The Oregon AG recently announced a $545,000 settlement with the Vitamin Shoppe over allegations that the store violated Oregon state law by selling dietary supplements containing ingredients that FDA has deemed unsafe or unlawful. The new settlement agreement places significant burdens on the Vitamin Shoppe to monitor developments on ingredient status. The burdens are the same regardless of whether the Vitamin Shoppe sells a product under one of its own brands – or if it sells a product that was manufactured, labeled, and sold to it by a third party vendor.

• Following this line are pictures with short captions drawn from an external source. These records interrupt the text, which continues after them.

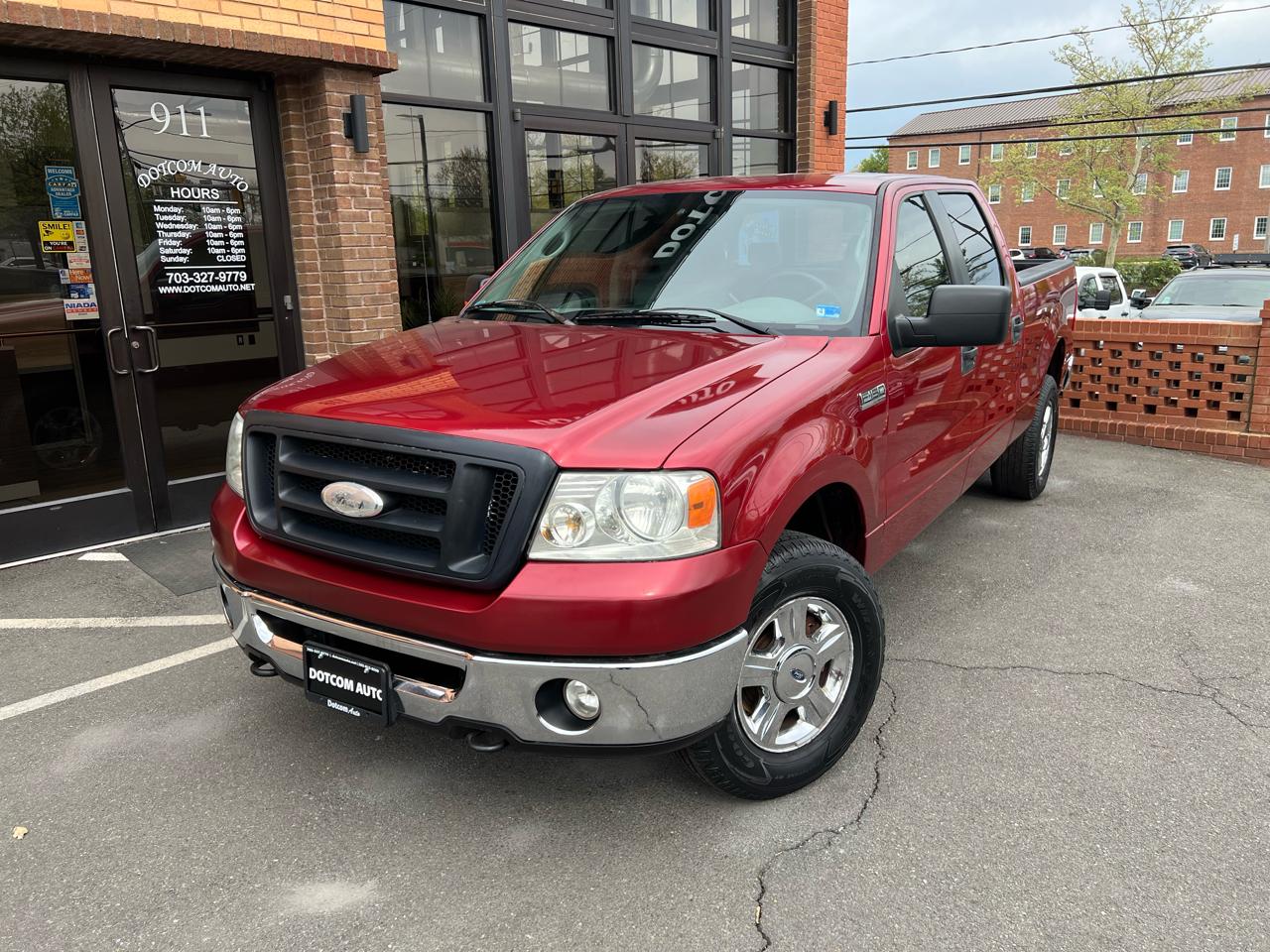 Ford F-150 XL SuperCrew Short Bed 4WD 2008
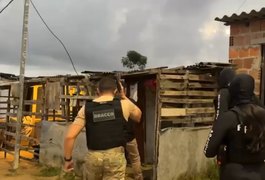 Operação Repulsa cumpre 20 mandados em Maceió e mais duas cidades contra grupo ligado ao CV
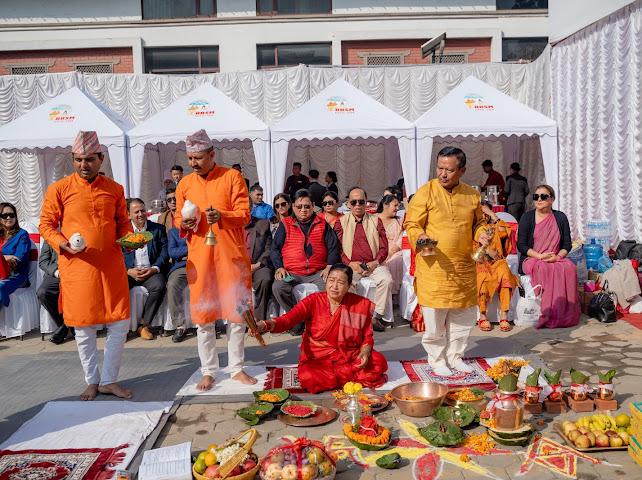 दरबारमार्गमा बन्दैछ २५ तले अन्नपूर्ण स्क्वायर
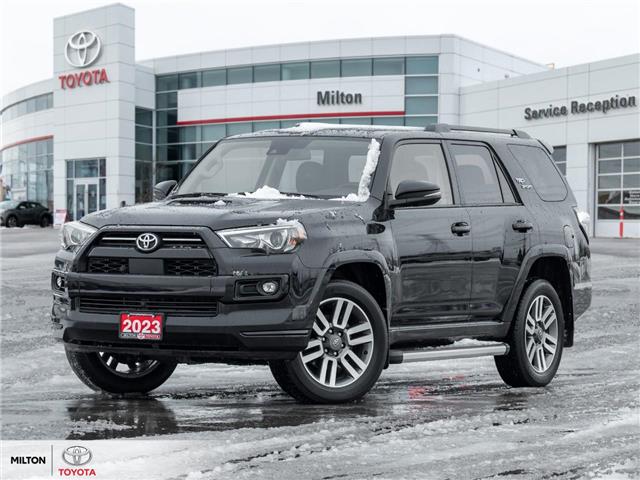 2023 Toyota 4Runner Base (Stk: 122896) in Milton - Image 1 of 27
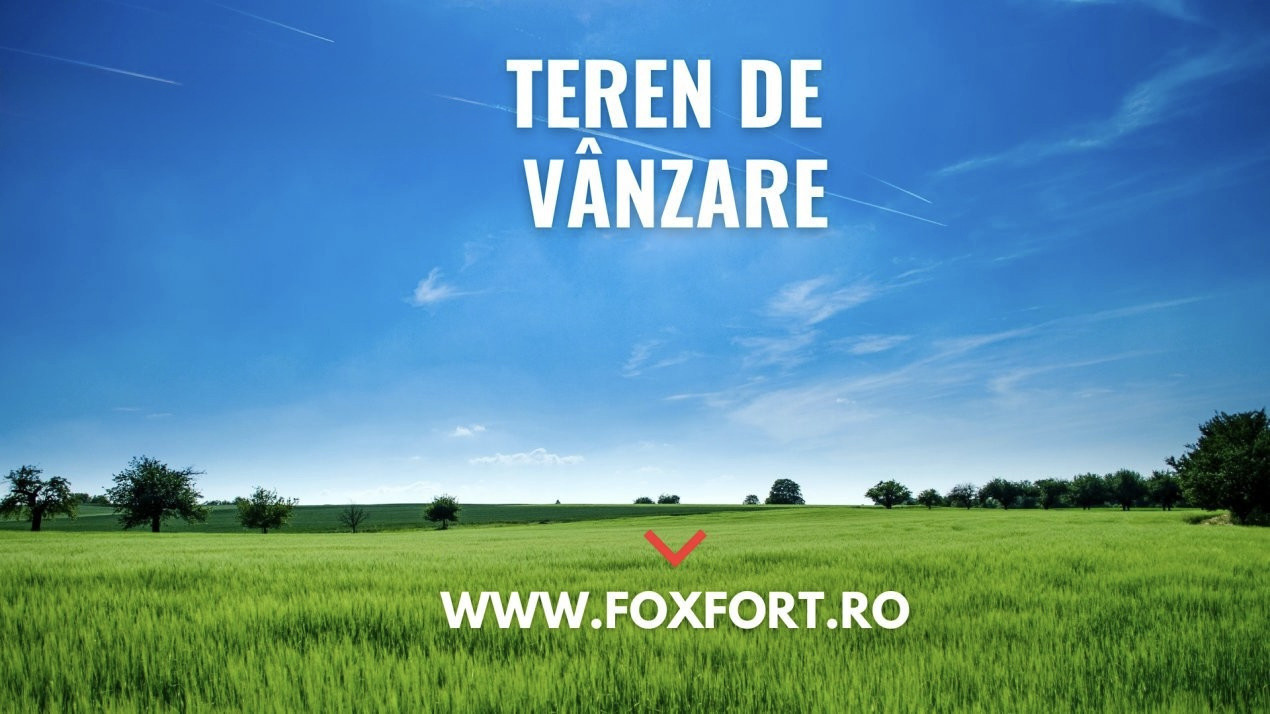 COMISION 0% Teren intravilan - zona verde, 640 mp in Dumbravita 1, foxfort.ro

Under the terms of the agreement, if the Vitamin Shoppe “receives or learns of” a “written notice” from FDA that an ingredient may be unsafe or unlawful, it must “take immediate action to suspend the sale of such products or products known to contain the ingredients.” If the Vitamin Shoppe becomes aware of any other "public announcement, warning, alert, publication, notice, or report" suggesting that the U.S. government, Australia, Canada, Britain, or the EU might consider a dietary ingredient unsafe or unlawful under the FDCA, then the Vitamin Shoppe must conduct a “reasonable due diligence review,” which may result in a decision not to sell any products containing the ingredient.

This settlement is notable for at least two reasons:

  1. It identifies FDA warning letters sent to the Vitamin Shoppe or anyone else as “written notice” that FDA has deemed an ingredient unsafe or unlawful. Warning letters, however, state only allegations and are not considered “guidance” under FDA’s rule on “good guidance practices.” Well after a warning letter is issued, the lawfulness of a particular dietary ingredient can be the subject of much ongoing debate, and even the FDA's official guidance document on ingredient status remains in flux after years of debate.
  2. The settlement represents an aggressive stance by Oregon on a retailer’s liability for product formulation and labeling by third parties. As we’ve discussed before, there isn’t a whole lot of precedent for regulators going after the retailer, rather than the product seller.
The Oregon Attorney General is currently in litigation against another retailer over similar allegations related to the legal status and safety of a dietary ingredient.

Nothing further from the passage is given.